While Left Wing sentiment seemed to be dominant, a vote on the subject was either adroitly avoided by the machinations of the Right or overlooked by the Left. The first two days of the convention were occupied in the discussion of methods of organization and propaganda and on the nature and future of the Socialist press. But from the outset it was clear to all that such discussion was futile until the momentous question of basic party policy was determined. The subject of organization and propaganda must be confused and incoherent if the party does not know precisely where it stands with relation to the Left Wing. It was to be expected, therefore, that the first two days of the convention would be wasted in tiresome verbosity.
The third day proved that the majority of the membership is Left Wing by sentiment, if not by intellectual conviction. Most of the delegates felt that there is a dire need for a radical alteration in tactics, but few of them had done any serious and consecutive thinking on the subject. Taylor, slate secretary, and Dolsen, one of the most prominent of the party organizers, are both Left Wing. Others like Lillian B. Symes and Cameron King, recognized as big figures in the California movement, were emphatically Right Wing in their attitude. King especially bitterly attacked the Left Wing Program and denounced “frenzied Fraina” as a phrase-monger and a vulgar disrupter. King bused his argument principally on the fact that a revolution in the United States is not likely for many years to come.
This being the case, he contended, it was idle to agitate for a dictatorship of the proletariat and an application of Russian tactics to American conditions. The leader of the Left Wing, Comrade Coleman, in answer to King, argued that the possibility of an immediate overturn in this country was something quite beside the point that the Left Wing wished only to make the party strictly revolutionary in its aims and tactics and to prepare thoroughly for the revolution when it comes.
There is little doubt that the referendum vote on the Left Wing and Right Wing issue will result in favor of the former. The leaders of the Left, however, recognize the fact that many of their supporters are not well-grounded, and they are carrying on a strenuous campaign of education among their ranks.
It is interesting to note although the Left Wingers have been denounced by the Right Wingers as hysterical, etc., at the California convention the exponents of the Left Wing were far more scholarly and unhysterical than their opponents. Cameron King, for instance did not hesitate to resort to epithets and personal denunciation in his speeches, while Coleman’s talk was a dispassionate, impersonal analysis of the situation.
This convention is a preliminary convention to larger and more representative one which will be held in the near future.

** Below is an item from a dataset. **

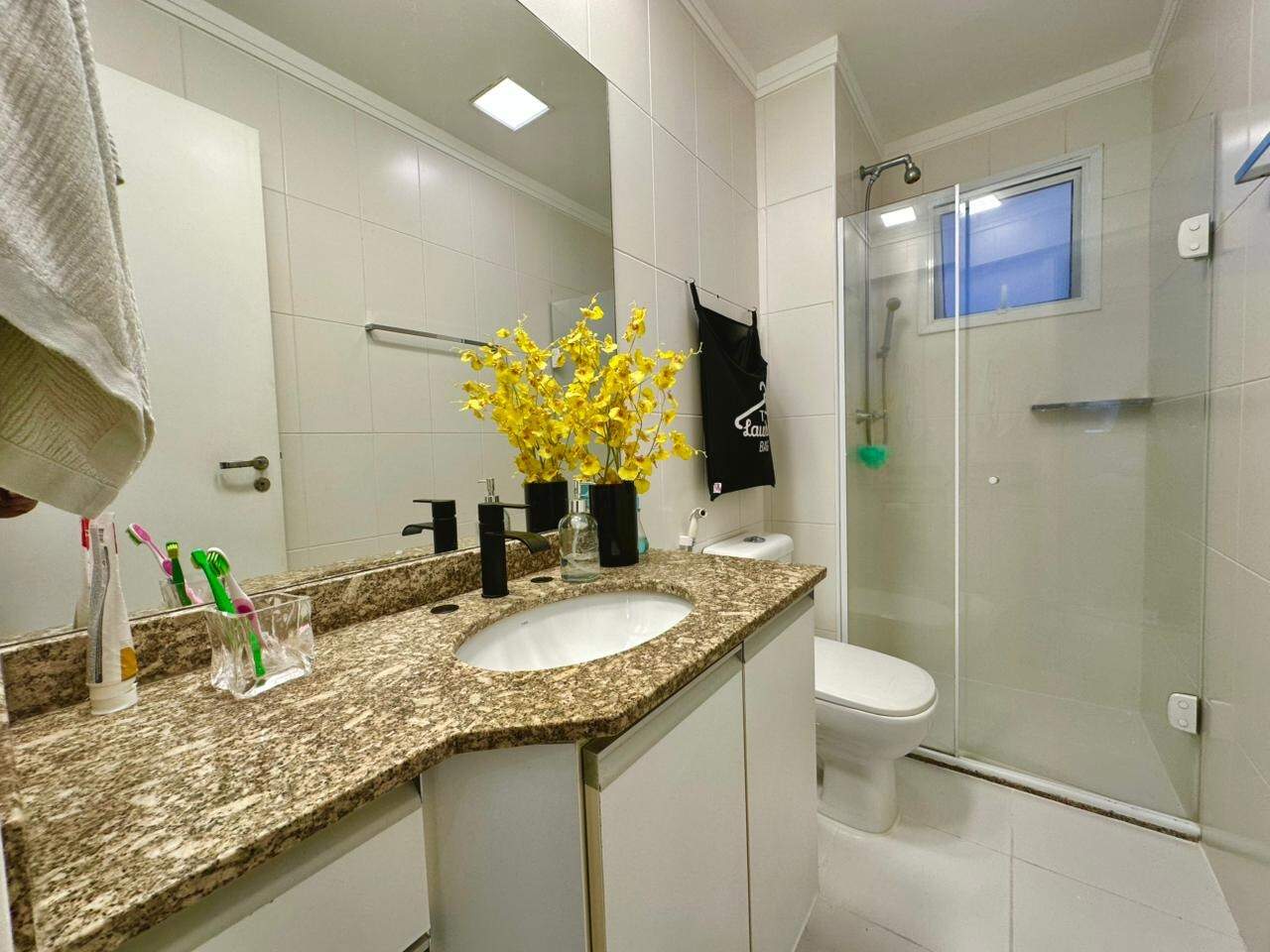 Apartamento à venda no Ponta da Praia:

Truth emerged from the The Duluth Labor Leader, a weekly English language publication of the Scandinavian local of the Socialist Party in Duluth, Minnesota and began on May Day, 1917 as a Left Wing alternative to the Duluth Labor World. The paper was aligned to both the SP and the IWW leading to the paper being closed down in the first big anti-IWW raids in September, 1917. The paper was reborn as Truth, with the Duluth Scandinavian Socialists joining the Communist Labor Party of America in 1919. Shortly after the editor, Jack Carney, was arrested and convicted of espionage in 1920. Truth continued to publish with a new editor JO Bentall until 1923 as an unofficial paper of the CP.